As TOTORO begins we see Satsuki and her younger sister Mei moving to a family house in the country. Escaping presumably from Tokyo, where their father works, they joyously regard the weathered buildings, dusty attics, wild garden and forest as a world new and magical enough in its own right. Their father also is sympathetic to the natural spirits that pervade their home and surroundings. Into this environment is introduced a large, benevolent creature given the name 'Totoro' by Mei. Totoro is a clumsy-looking (yet graceful) cross between a rabbit, an owl and the Cheshire Cat (he's upstaged Catwise by an creature even more wondrous as the story unfolds). The presence of Totoro is used sparingly, and thus very effectively: we do not really know much about him beyond the experiences of the two girls and their own knowledge of him is secondary to their intuitive understanding. They accept him; we accept him.

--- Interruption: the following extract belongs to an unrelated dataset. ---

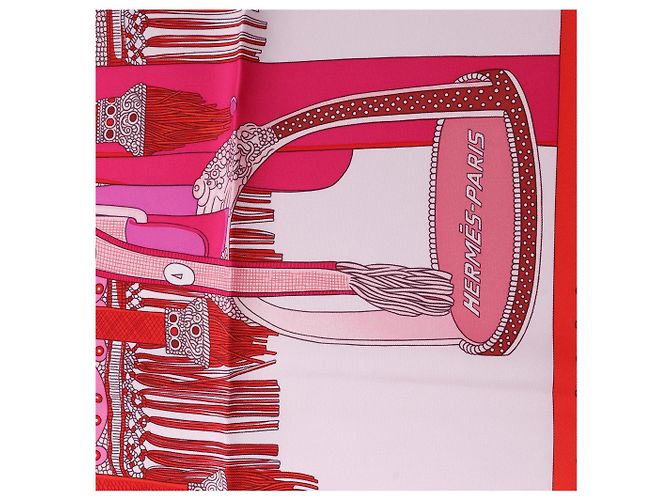 Carré 90 Hermès "SELLE DE DIGNITAIRE" Fazzoletto di seta Rosa - vista 8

I'm sure that what makes TOTORO such a warm film for many viewers is its co-existence of the natural and preternatural worlds. As we have come to expect animated films to indulge themselves in the impossible, it comes as a pleasant diversion to watch Miyazaki's characters spending 'animated' time doing ordinary things - I love TOTORO's fantasy landscape but also get absorbed in simple scenes such as when the girls eat fresh vegetables or wait patiently at a bus stop. TOTORO is observant without showing off how much effort it is putting into its detail (look at the difference between the way Satsuki and Mei run for example): at one instant its characters may appear cartoonish while in the next they are grounded by the same laws of physics that apply to all of us (I find those huge, rubbery, screaming maws irritating, which is why it was nice to see Satsuki's one genuinely emotional reaction - when she cries over her mother's illness - animated realistically with a normally-proportioned mouth). There's no gratuitous slapstick; there are no corny dramatics; there's no 'message'; there are, thankfully, no songs other than those diegetically necessary to the action; and, despite the paradox, the characters are not two-dimensional. The new millennium may have ushered in CGI as the animation tool of choice, but as Miyazaki's legacy shows, it will never replicate the human touch that defines cel animation. It takes a huge effort to produce a film like TOTORO, yet it looks effortless. That's an admirable achievement.